29 January 2021

Does the Federated Learning of Cohorts (FLoC), spell the death of third party cookies?

Header Image

A few days ago, Google announced an update on their efforts to curtail the use of third party cookies. Their reasoning? Building a better advertising ecosystem for the web with end-user privacy at the forefront of these efforts. With many online advertising products and platforms built around third party cookies use and data collection they have enabled, you may be wondering, why the need for change?

The answer is a complex mix of governmental regulatory action, high profile data leaks and a growing concern and unease from end users around how they are being targeted, monitored and tracked as they move across the web.

Quick background:

Louder has been commenting on these changes throughout 2020. In July we discussed Apple’s ITP changes, in September we posted Safari Tightens the ITP screws again and then in October we published, Apple Just Made 10 Louder as they ramped up efforts to protect user privacy.

We focused on Apple because, up until recently, they were the most aggressive of the big tech firms when it came to enforcing user privacy policy and protecting their customers. We could even speculate that their introduction of ITP (Intelligent Tracking Prevention) in 2017 was the catalyst of the current industry pivot.

Since the initial ITP launch, there has been an ongoing cat and mouse game between various big tech firms who have tried to adapt to these changes by patching over the cracks and trying to address data gaps and limitations on an ad-hoc basis. But there was still a reluctance to give up the use of third party cookies.

That paradigm started to shift in early 2020, however, when bigger industry players such as Google acknowledged that change is inevitable, and a post back in January 2020 describes building a web where third party cookies are all but obsolete.

Wait a minute, are third party cookies bad?

The short answer is no, the long answer is… it’s complicated. Like any tool, third party cookies are perfectly valid and not nefarious on their own. It’s the context in which they are used or misused that has brought about all this hoo-ha.

You see, third party cookies are used by ad-tech vendors to monitor user behaviour, not just on a single website or property, but often across vast numbers of web-properties (and in some instances devices too). In doing so, significant user profiles have been created with this data, which in turn has made targeted advertising very effective and profitable, but it’s this ability to monitor user activity across multiple properties that causes the biggest concern.

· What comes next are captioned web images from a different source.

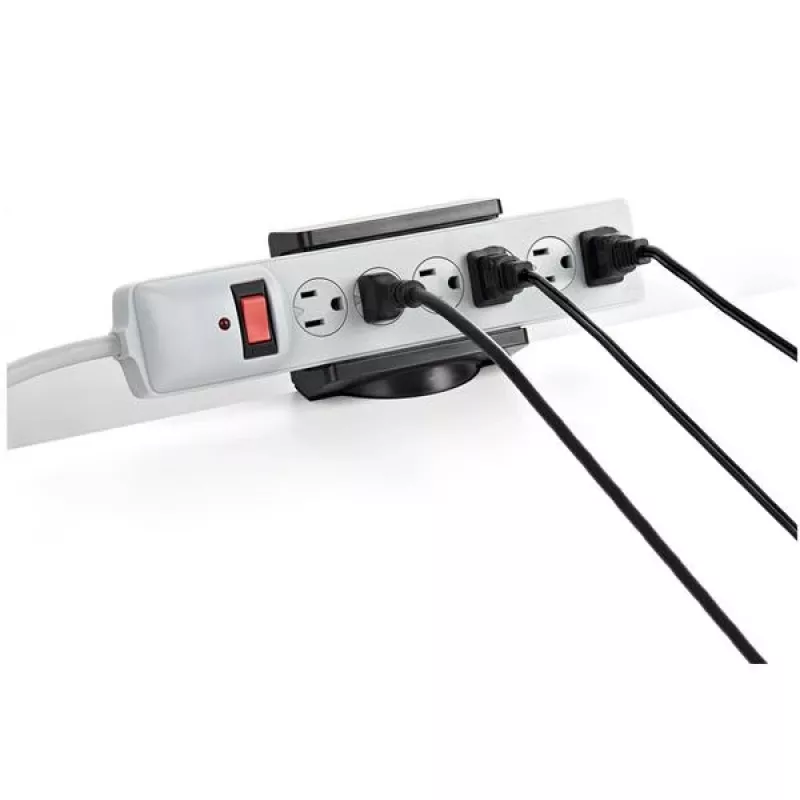 StarTech.com Universal Power Strip Desk Mount - Einstellbar - Tischklemmen-Halterung für Steckdosenleiste
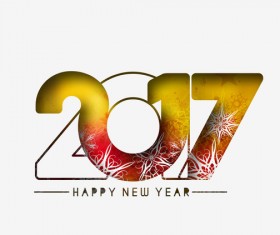 2017 new year creative background set vector 01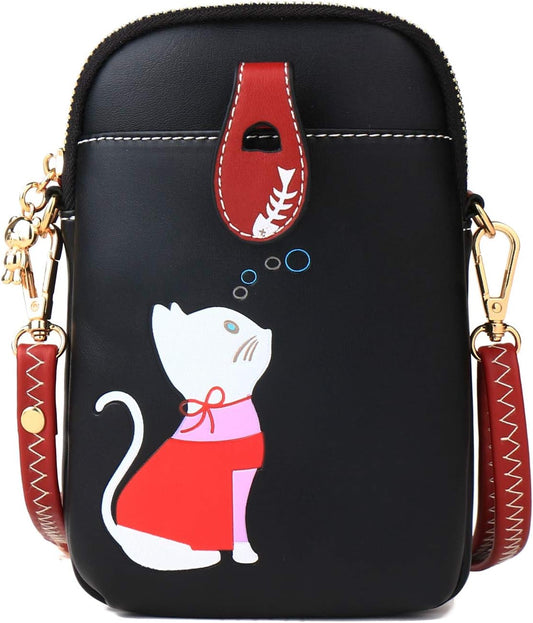 Woman Cat-Themed Crossbody Bag | Sunshine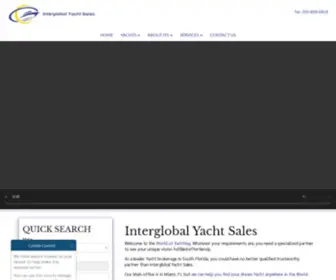 InterGlobalys.com(Interglobal Yacht Sales) Screenshot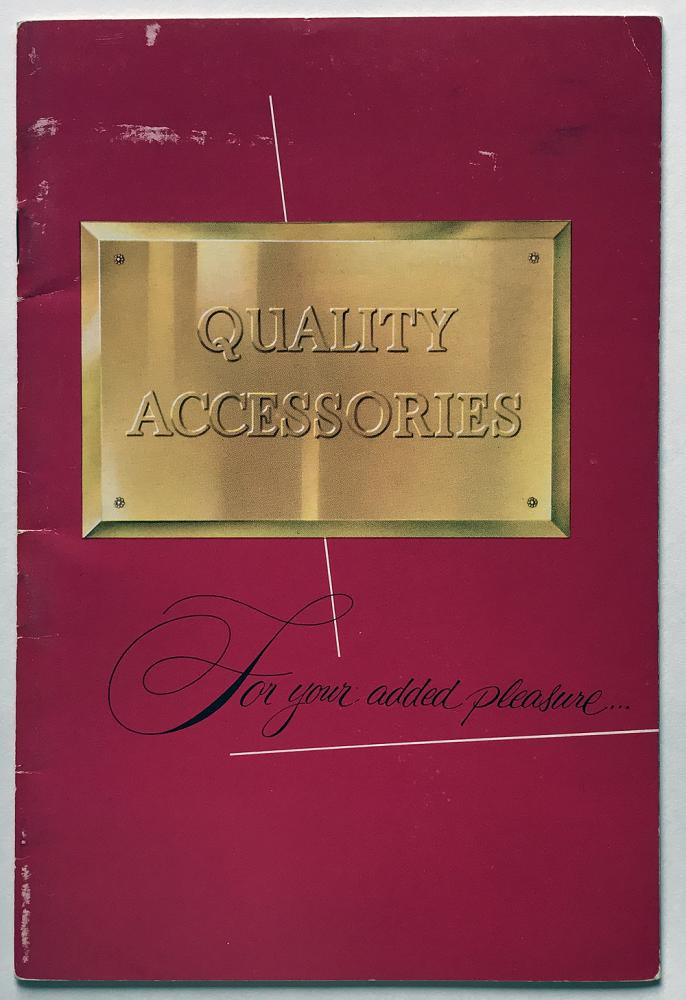 1953 Ford Quality Accessories Canadian Sales Brochure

Unlike first-party cookies where tracking activity is ring-fenced to a specific domain or business, third party cookies are able to be used to build significant profiles on what users are or aren’t doing. For example: what they were viewing, what they click on, what they were buying (or not buying) and the frequency and times in which they performed these tasks.

But perhaps the bigger concern was how that collected data was then being used or misused once collected. Often these significant cookie pools and user profile data were being sold off to the highest bidder, whilst the user was none the wiser (unless they had spent the required hours pouring over various T&C documents - probably not practical).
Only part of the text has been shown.